• DATASET EXCERPT
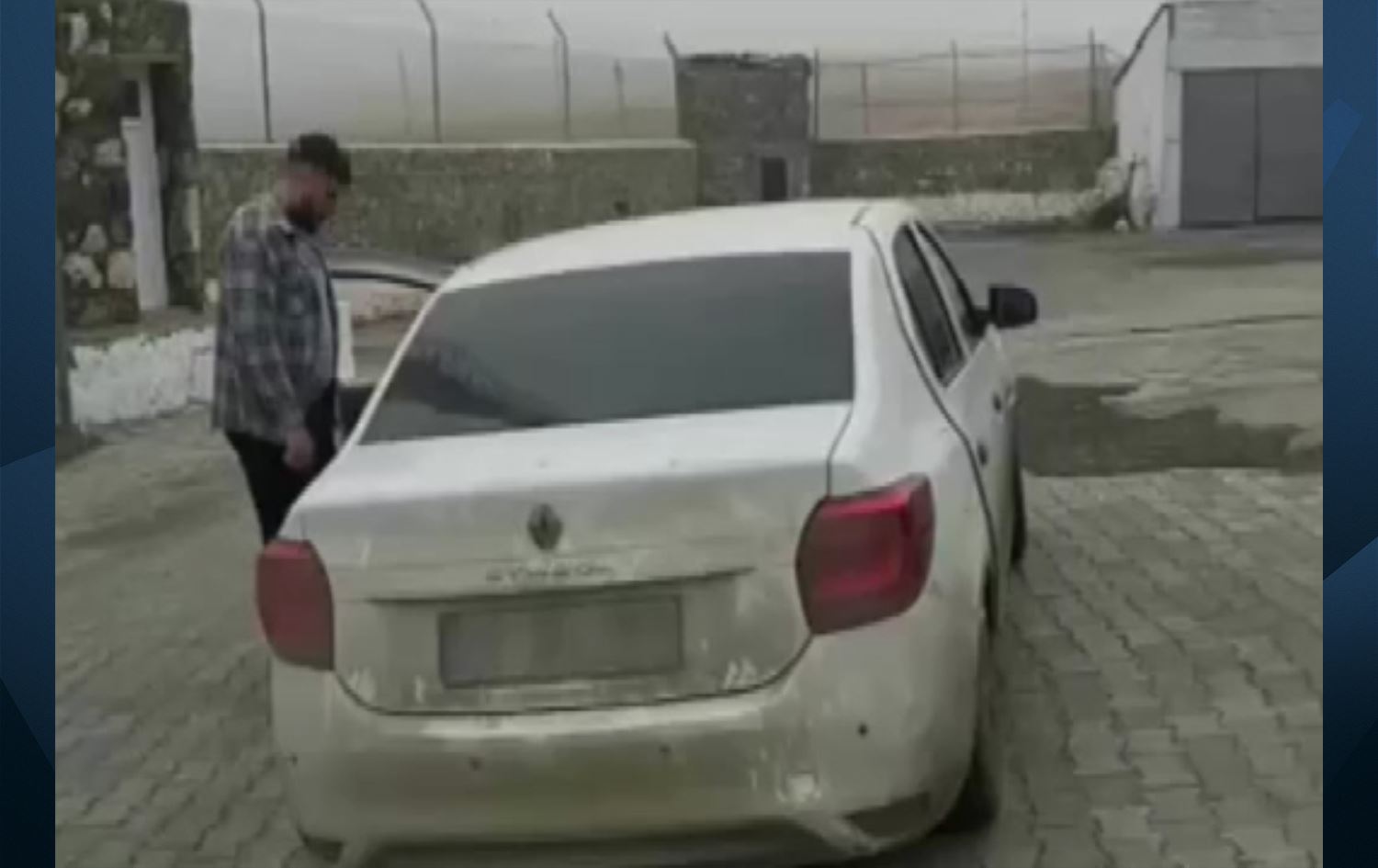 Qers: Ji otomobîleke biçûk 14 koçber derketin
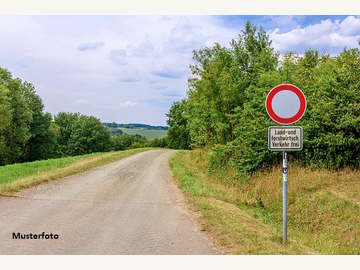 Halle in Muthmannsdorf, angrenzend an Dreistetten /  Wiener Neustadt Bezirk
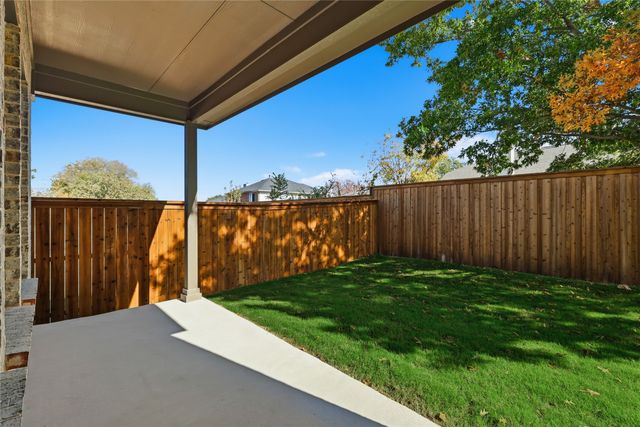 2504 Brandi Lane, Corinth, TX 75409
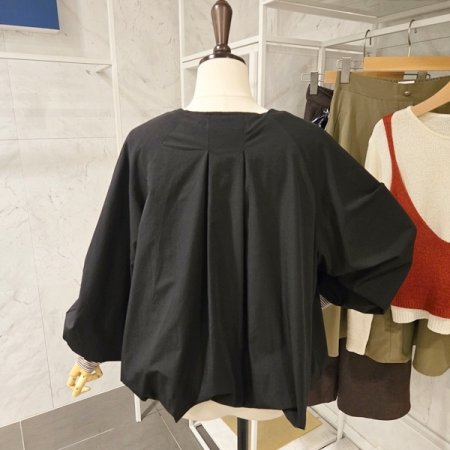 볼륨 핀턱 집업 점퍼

• ASSIGNED TASK
Write the lines above out again exactly, without any of their pictures.

• COMPLETED TASK
 Qers: Ji otomobîleke biçûk 14 koçber derketin
 Halle in Muthmannsdorf, angrenzend an Dreistetten /  Wiener Neustadt Bezirk
 2504 Brandi Lane, Corinth, TX 75409
 볼륨 핀턱 집업 점퍼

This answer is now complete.